Comme dans de nombreuses autres régions françaises, les autres danses pratiquées dans les bals sont, parmi les plus communes, la valse, la scottish, la polka et la mazurka, dont il existe un répertoire spécifiquement limousin, ou les bourrées à deux temps.
De nombreux accordéonistes bien connus du Limousin, le département de musique traditionnelle du Conservatoire de Limoges (CRR)[25],[24], le Conservatoire à rayonnement départemental Émile-Goué de la Creuse[36], le Conservatoire de Tulle[37], le Centre régional des musiques traditionnelles ou encore quelques associations (Roule… et ferme derrière, Musiqu'à deux, Et la moitié !, Valsaviris...) organisent tout au long de l'année des festivals (Rencontres musicales de Nedde, Balaviris, Semaine occitane), des stages, des concerts et des bals dans toute la région. Le CRMTL, l'Institut d'études occitanes et le département du CRR sont engagés sur des projets de recherche et de valorisation du patrimoine musical[Note 4].

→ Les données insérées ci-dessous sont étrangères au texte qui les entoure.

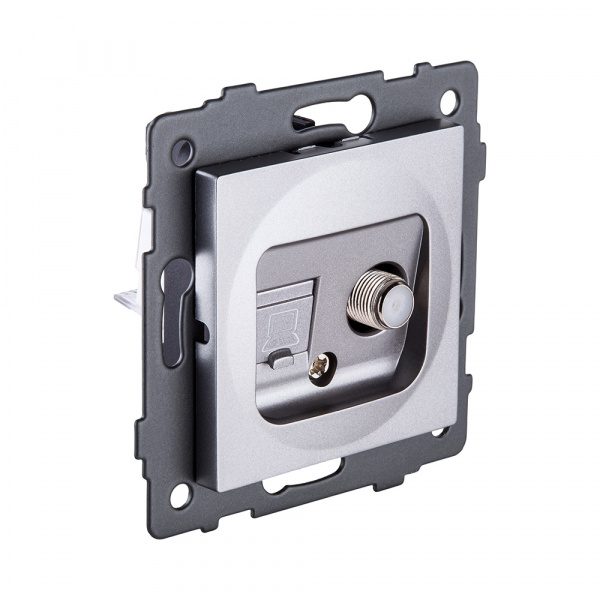 Розетка двойная спутниковая SAT + RJ45 Cat.6, серый Kollinger REA-014GY для Aspekt, Eleganz, Reflex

La musique limousine se transmet et se représente via ces événements festifs réguliers, des ouvrages et une discographie, en Limousin et ailleurs.
Coexistent des praticiens de musique et danse folkloriques (attachés à la reproduction et la conservation de traditions attachées à une époque) et leurs homologues traditionnels, inspirés par les traditions en ce qu'elles constituent une culture vivante et évolutive.
Un certain nombre de groupes de musiciens traditionnels ou folkloriques contribuent à la popularisation et à la médiatisation des airs et danses du Limousin.
Réappropriées, interprétées par des musiciens qui à partir des années 1970 n'ont plus à voir avec le contexte rural et paysan des origines, exode rural et déprise agricole obligent, les musiques traditionnelles subissent donc un processus d'hybridation et de globalisation qui les enrichissent et les remodèlent[5],[38]. Ce processus se confirme au début du XXIe siècle avec l'émergence d'une génération qui n'a pas pratiqué les collectages, dans des pratiques relevant souvent plus ou moins de tendances appelées néo-trad, en majorité moins militantes, porteuses de recréations autant appréciées que débattues[14],[Note 5]. Divers projets de création participent aussi à inscrire les musiques de tradition dans la modernité et le renouvellement. Plusieurs groupes, dont certains membres sont issus des filières diplômantes du Limousin, contribuent aussi à la diffusion et à la vivacité des traditions d'inspiration limousine.
À l'instar de ce qu'on observe ailleurs en France, de nombreux répertoires de musiques et danses d'origines géographiques diverses (Berry, Quercy, Poitou, Bretagne, Pyrénées...) irriguent la pratique limousine, via les bals et les échanges musicaux[Note 6]. Le département de musique traditionnelle de Limoges a également ouvert un cours de cornemuse bulgare[25].
À l'inverse, le principe des groupes folkloriques demeure la reproduction spectaculaire des danses et airs tels qu'ils ont pu être interprétés à une époque donnée, dans un contexte socio-culturel défini. Réunis en une fédération Marche-Limousin[39], ces groupes sont eux aussi confrontés au défi de la pérennité de leurs activités. Le dialogue entre musiciens folkloriques et traditionnels est aléatoire : bien des seconds ont appris auprès des premiers, mais leurs modes et lieux d'expression quoique parents demeurent différents, peinant peut-être à leur lisibilité respective[Note 7].
En dépit de nombreux espaces de transmission et de la création du DEM spécialité musique traditionnelle au Conservatoire de Limoges, la pratique de certaines traditions parmi les plus spécifiques (notamment les danses de bourrée) n'en demeure pas moins en péril relatif[40]. La numérisation du matériau collecté (portail La Biaça de l'Institut d'études occitanes du Limousin, portail Patrimoine oral du Massif central[41]) peut contribuer à sa sauvegarde, sa pérennisation et se retransmission[6].